O ministro Fernando Haddad passou bem por uma série de embates na sessão da Comissão de Finanças e Tributação na Câmara, nesta quarta-feira. No entanto, ao falar que a meta da inflação é "exigentíssima" , "um negócio inimaginável" acabou alimentando dúvidas no mercado financeiro. A fala do ministro já teve reflexo em taxas de juros futuros e no dólar. E o que provocou essa reação? A declaração de Haddad pode levar à conclusão de que o governo não está comprometido com essa meta de 3% que permite uma taxa de até 4,5%. A inflação em doze meses está abaixo disso no momento.

— Os núcleos (da inflação) estão rodando abaixo da meta, que é exigentíssima... Uma meta, para um país com as condições do Brasil, de 3% de inflação, é um negócio inimaginável. Desde que o regime de metas foi instituído, quantas vezes o Brasil teve 3% de inflação? Em quantos anos isso aconteceu, nos 25 anos de regime de metas? — afirmou Haddad.

E eu sei que o ministro está comprometido com a inflação baixa, estabilizada, mas a sua frase deixa margem a uma interpretação do mercado financeiro de que ele está pensando em mudar a meta de inflação, afinal ele faz parte do comitê do Banco Central do Brasil que decide qual será a meta. É muito ruim quando o ministro da Fazenda deixa uma frase mal explicada.

Mudar a meta de inflação, diga-se de passagem, não resolve o problema. A meta hoje é de 3% com uma banda de 1,5 ponto percentual para cima ou para baixo. Ou seja, com essa taxa de flutuação, pode chegar a 4,5%. Se for elevada para 4%, isso significaria que a taxa poderia chegar a 5,5%, e aí começa a ficar uma inflação perigosa.

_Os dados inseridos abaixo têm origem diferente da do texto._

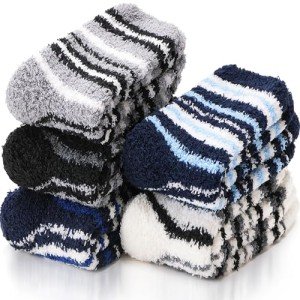 Cozy Stripe Fuzzy Socks for Men & Women
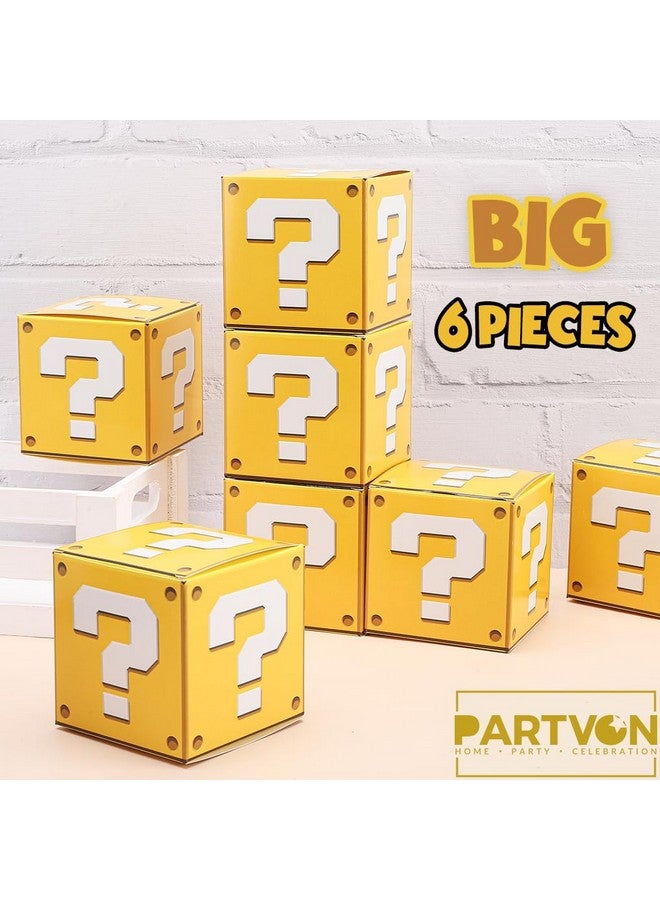 PARTVON PARTVON 6 Pack Giant 11.8x11.8 Inch Question Boxes for Video Game Birthday Party Supplies | Cardboard Party Favor Boxes for Kids Video Games, Baby Shower & Family Reunion Activities  - Image 3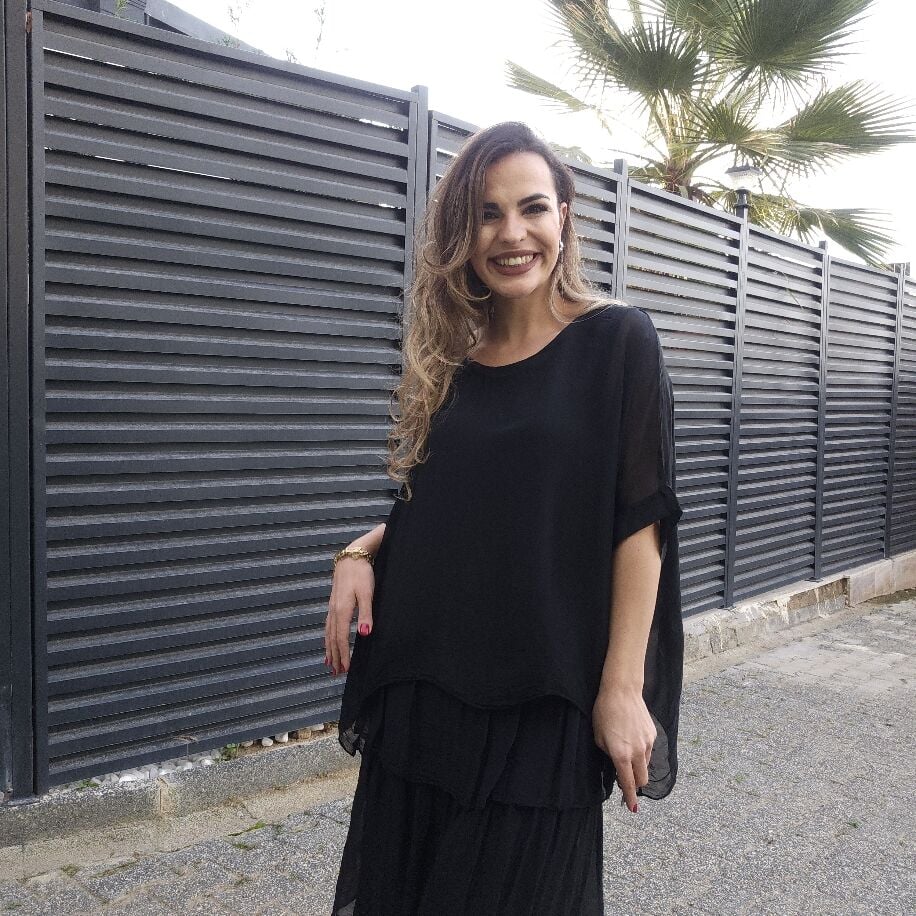 İtalyan 3 Kat İpek Elbise Siyah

O Brasil tem uma longa história com a inflação alta e ela não é boa. Este ano se completam três décadas do Plano Real, que foi muito bem concebido e implementado, e livrou o país de 50 anos de superinflação e de um episódio traumático de hiperinflação.

Como jornalista de economia vivi tudo isso, escrevi sobre isso, inclusive um livro, o "Saga Brasileira". E a história mostra que no Brasil quando se chega a um determinado patamar de inflação ela rapidamente escala para dois dígitos. E quando chega nos dois dígitos, tem o risco de continuar subindo e provoca um mau humor completo em relação ao governo, perda de popularidade e de apoio, aconteceu no governo Dilma e no de Jair Bolsonaro.

No caso do governo Bolsonaro, para vencer a inflação de dois dígitos, a política econômica tomou medidas artificiais para baixar na marra a inflação. Isso deixou um custo muito alto para o governo Lula sobre o qual o ministro falou ontem. Um desses custos foi ter que compensar governadores que foram forçados a suspender o ICMS sobre combustíveis fósseis. Haddad pontuou isso na sessão da Câmara ao falar dos precatórios e do calote dos estados. Todos artifícios usados para conter a inflação com fins eleitoreiros, o que acabou não dando certo, porque ele não foi reeleito.

Mas a lição que ficou de vários episódios de índices mais altos é que inflação alta não é bom para a política, não é bom para o social, não é bom para a economia.